Scraped caption text data >>
Content starts

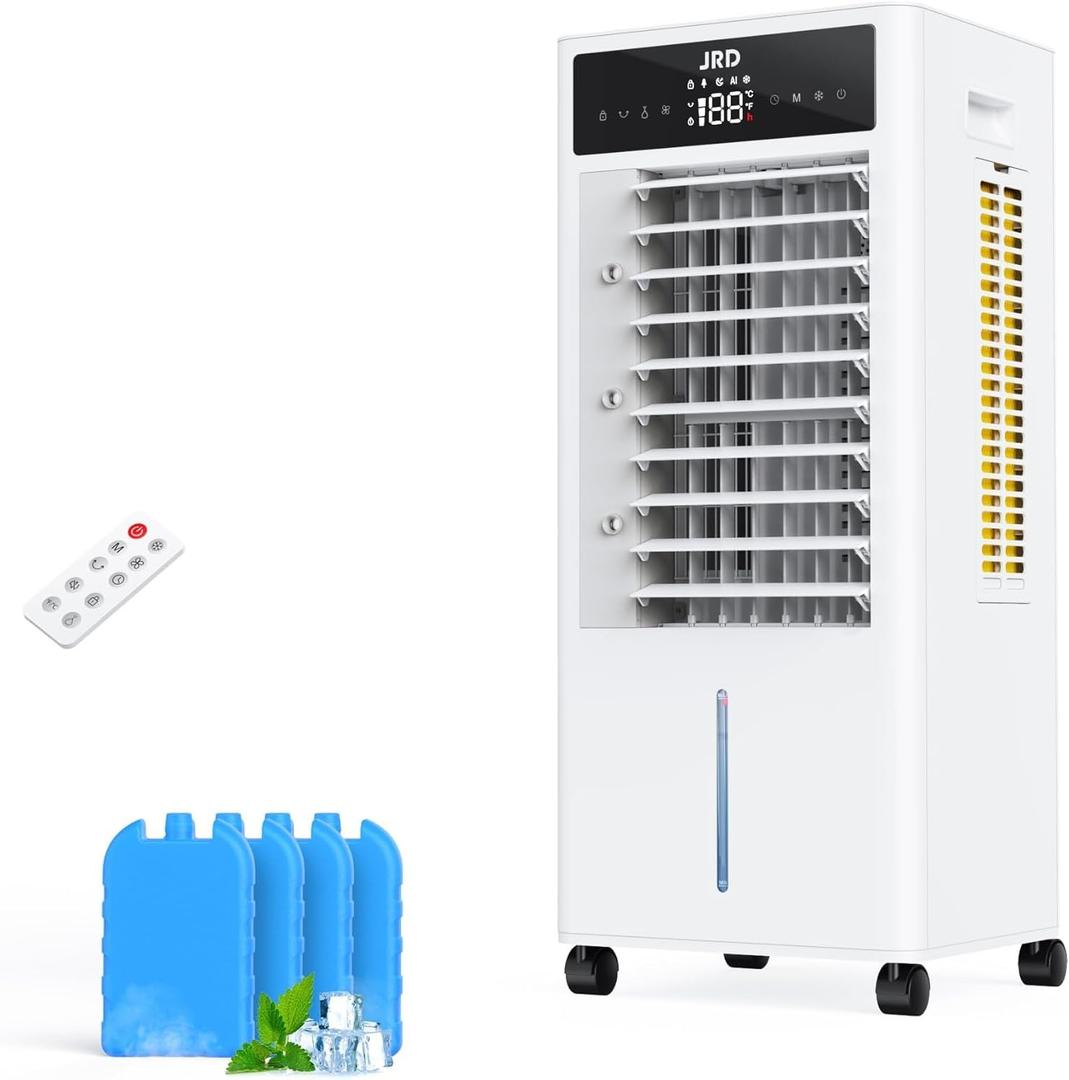 JRD Portable Air Conditioner, Evaporative Air Cooler with 12H Timer Auto-Off, 3-Speed, 2.4Gal Tank, 4 Ice Packs, Mist Function, Oscillation Swamp Cooler with Remote for Bedroom Home Office (White)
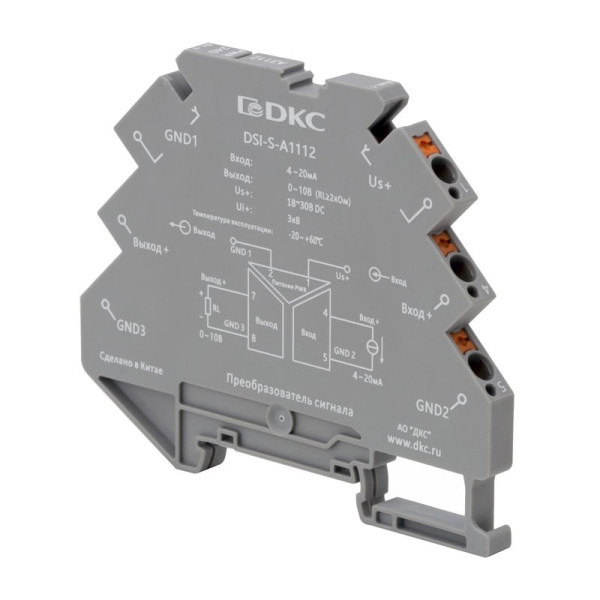 Преобразователь сигнала DSI 6.2мм 1 вход 4-20мА 1 выход 0-10В DKC DSI-S-A1112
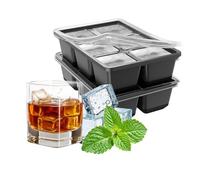 Tastetreasure Lot de 2 grands bacs à glaçons carrés en silicone avec couvercle pour whisky et cocktails, sans BPA, réutilisables, faciles à démouler, noir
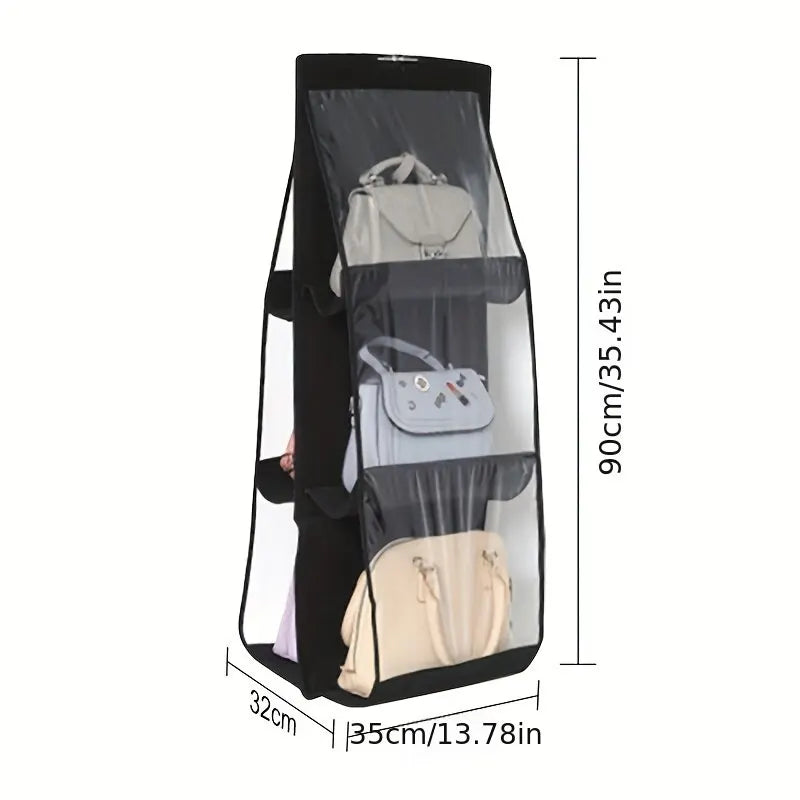 eybag Black Handbag Hanging Organizer With 6 Pockets Foldable Oxford Cloth Handbag Storage Bag For Family Closet Bedroom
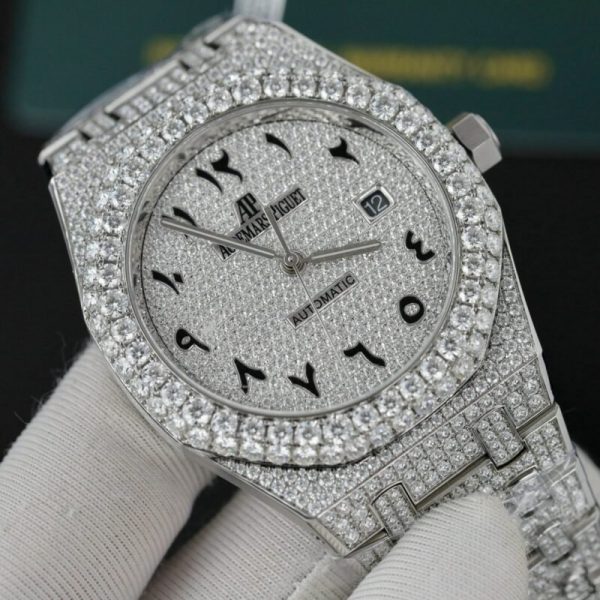 Audemars Piguet Royal Oak Iced Out Moissanite Arabic Dial Super Clone 41mm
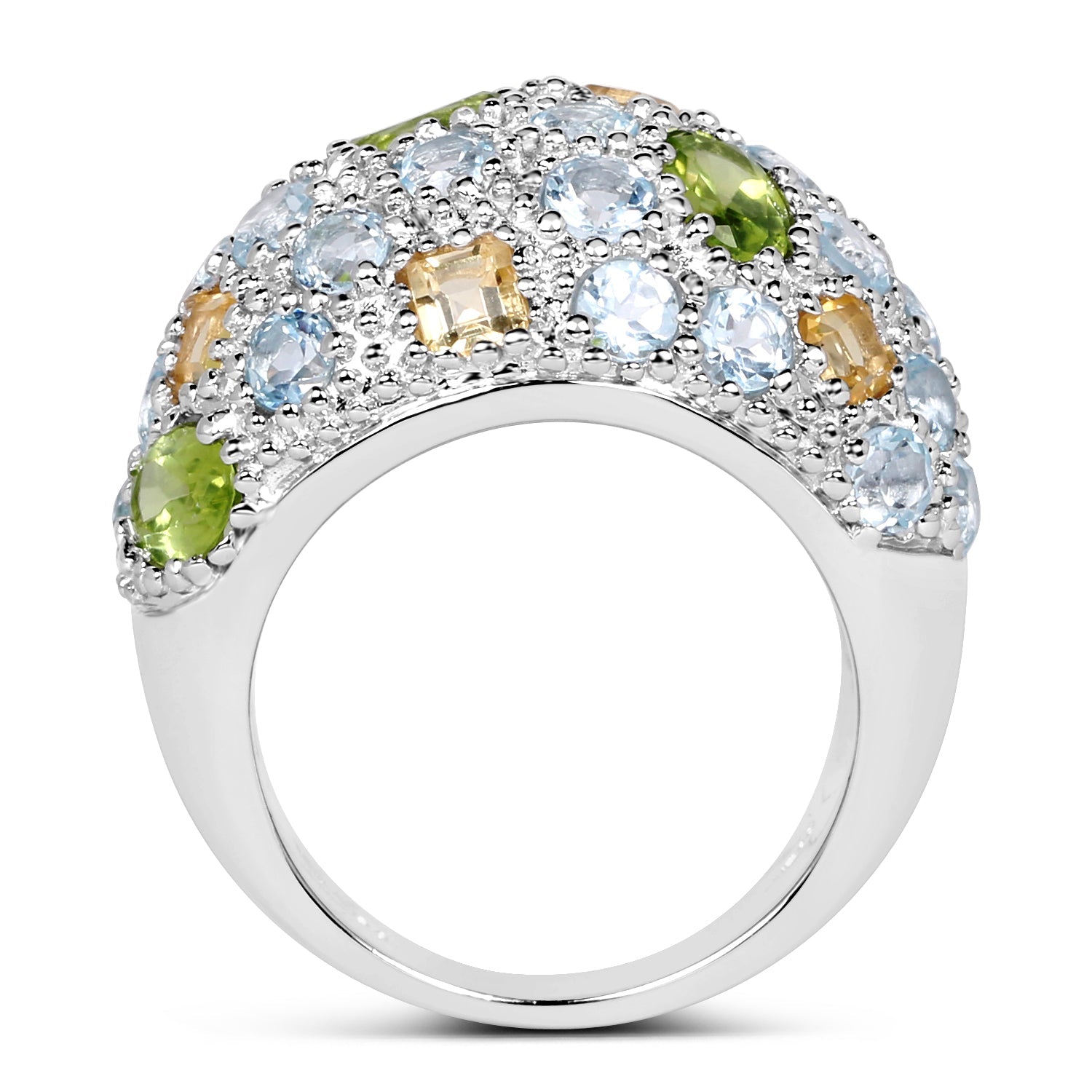 11.38 Carat Genuine Peridot, Citrine and Blue Topaz .925 Sterling Silver Ring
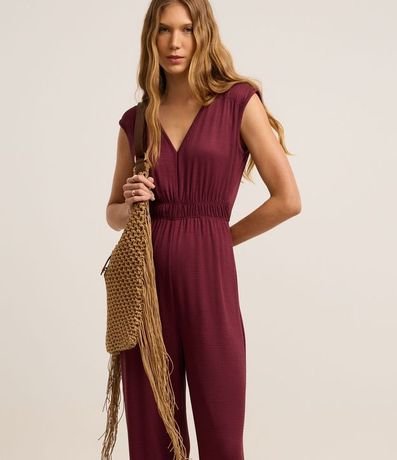 Mono Flare en Viscosa con Escote V y Elástico en la Cintura 2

Content ends

Without including any pictures, output all the entries above exactly.

 JRD Portable Air Conditioner, Evaporative Air Cooler with 12H Timer Auto-Off, 3-Speed, 2.4Gal Tank, 4 Ice Packs, Mist Function, Oscillation Swamp Cooler with Remote for Bedroom Home Office (White)
 Преобразователь сигнала DSI 6.2мм 1 вход 4-20мА 1 выход 0-10В DKC DSI-S-A1112
 Tastetreasure Lot de 2 grands bacs à glaçons carrés en silicone avec couvercle pour whisky et cocktails, sans BPA, réutilisables, faciles à démouler, noir
 eybag Black Handbag Hanging Organizer With 6 Pockets Foldable Oxford Cloth Handbag Storage Bag For Family Closet Bedroom
 Audemars Piguet Royal Oak Iced Out Moissanite Arabic Dial Super Clone 41mm
 11.38 Carat Genuine Peridot, Citrine and Blue Topaz .925 Sterling Silver Ring
 Mono Flare en Viscosa con Escote V y Elástico en la Cintura 2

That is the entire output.